Source: How to Coach Your Gymnast at Home
The holidays are coming up, which means more time at home, maybe purchasing that floor beam or mat that your gymnast has been begging you for, and being asked to watch whatever skill they may or may not be learning on your new home equipment. Or maybe you’ve just watched practice a few times and you know their legs are supposed to be straight on that layout on trampoline (which you conveniently have in your backyard). Your daughter always struggles to point her toes on [insert any number of skills here], and it’s an easy fix, right?
Your gymnast does gymnastics at home. All the time. In every room. And you’ve watched enough gymnastics to know that certain things she’s doing are incorrect. So how do you make these corrections at home? You don’t. Let me repeat that. Do. Not. Coach. Your. Child. At. Home. Nothing will make your child’s coach cringe internally more than hearing that you worked on x, y, or z at home. You are not her coach. Don’t do it. Don’t even tell her to point her toes.
The bottom line is that gymnastics is your daughter’s (or son’s) sport. She puts in the work at practice, she feels the pressure at every competition, and all those little mistakes you see that you’re sure you could fix if they’re so obvious even you see them? Yeah, her coach is trying to fix them. I promise. Being a gym mom or dad does not qualify you as a coach at home.
I would know because my own parents were, in fact, elite gymnastics coaches at the same time I was making my way through the optionals program at our gym. In fact, if you followed gymnastics in the 90s, you’ve probably heard of my parents, Tom and Lori Forster. They had gymnasts on World teams, Pan American teams, winning the American Cup, the first alternate to the ’96 Olympic team; they were interviewed on 60 Minutes, had an article about them and one of their gymnasts in Vanity Fair, and those are only the things I remember. What I’m telling you is that my parents were possibly the most qualified parents in the world to coach me at home. We had a trampoline in our backyard. It would have been so easy to have me do a few drills to help with my tumbling.
My dad is currently one of the top uneven bar coaches in the country. Gymnastics clubs and competitive regions fly him all over to give lectures to their coaches about how to coach bars.
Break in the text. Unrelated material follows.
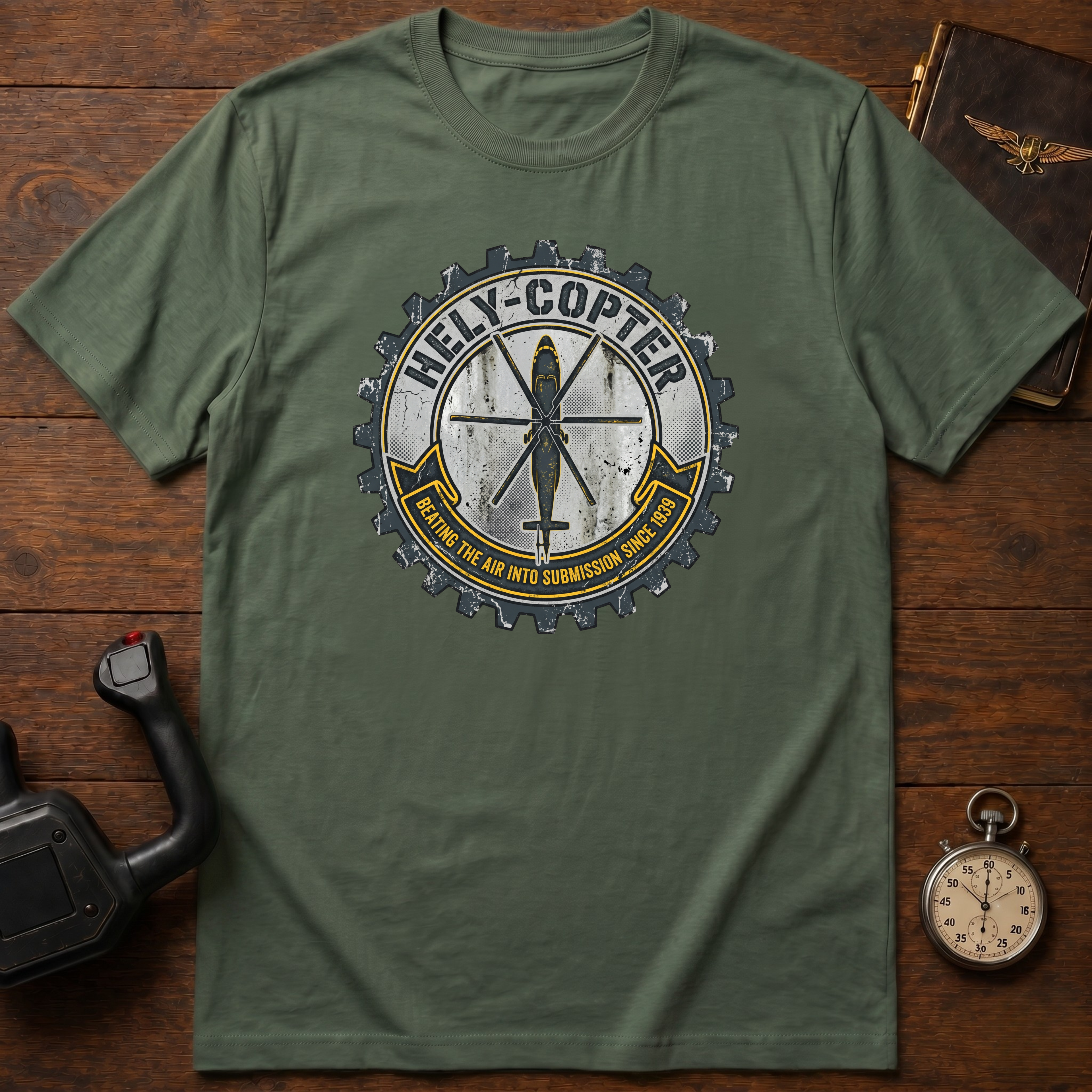 Hely-Copter T-Shirt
Do you know whose worst event was bars? Me. Because despite having one of the most excellent coaches on the planet at my disposal (in my home, no less), I could not swing bars. It took me three years to learn a blind change (don’t worry if you have no idea what that is, just know that it should not take three years to learn. It shouldn’t take one, honestly).
Do you know how many times my parents offered to work with me at home? Zero. I didn’t do conditioning at home, I didn’t stretch at home unless I was feeling weirdly motivated all on my own while I watched TV, the trampoline in our yard was used for sleepovers and games of add-on with my friends. My mom and dad never put on their uber-qualified coaches’ hats at home. And I loved them dearly for it.
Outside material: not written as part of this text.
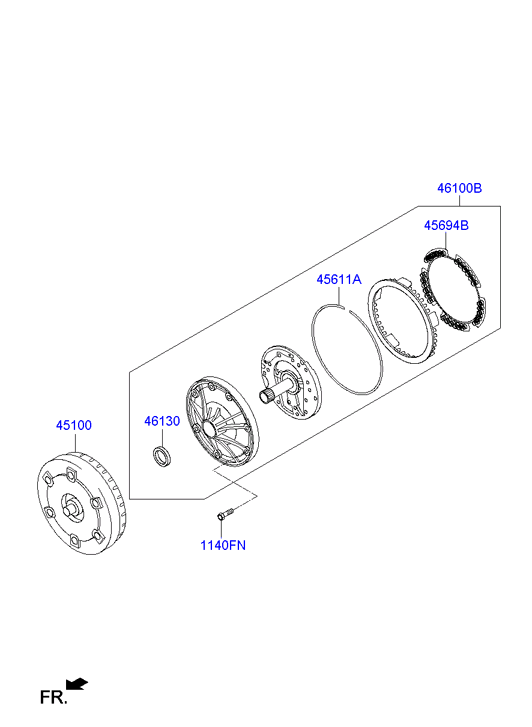 DRIVE SHAFT - FRONT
Gymnastics, despite being my own family’s very livelihood, was always my own. Every pointed toe, straightened leg, stuck beam routine, hard-fought bar workout was thanks to my own drive and the dedication of some very wonderful coaches (I would nominate Jason for sainthood if I could). Did my parents coach me at the gym? Yes, whenever they were coaching my entire team. I was never given preferential treatment (unless you count being the guinea pig for teaching coaches how to spot, which I don’t because it’s terrifying). As a result, I was able to take full ownership of my gymnastics. And my parents were able to sit back and enjoy my sport as spectators in a way they never could otherwise. They had no claim on my performance because they recognized that it was mine.
It’s hard to do. As parents we want our children to excel and when we feel we can help them, it’s in our nature to offer that help. I’m sure my own parents struggled with it. How could they not have? But I also know that if they had taken me aside and worked on their own agenda with my sport, they would have undermined my coaches and my own drive to be the best I could. I would wonder when my coach gave me a correction if my parents would have given the same correction. I would have worried that I disappointed them if I made a mistake that they had specifically fixed at home. It would have very slowly chipped away at the joy I found in my sport.
My parents loved watching me do gymnastics because I loved it, not because I was the best. Not because I was great at it, but because they loved me enough to let me have it for myself. So, parents, every time you find yourself wanting to make a correction or work on a drill you’ve seen that you could easily do at home, stop yourself and remember that even if you’re the most qualified parent in the world, you cannot love your child’s sport for them.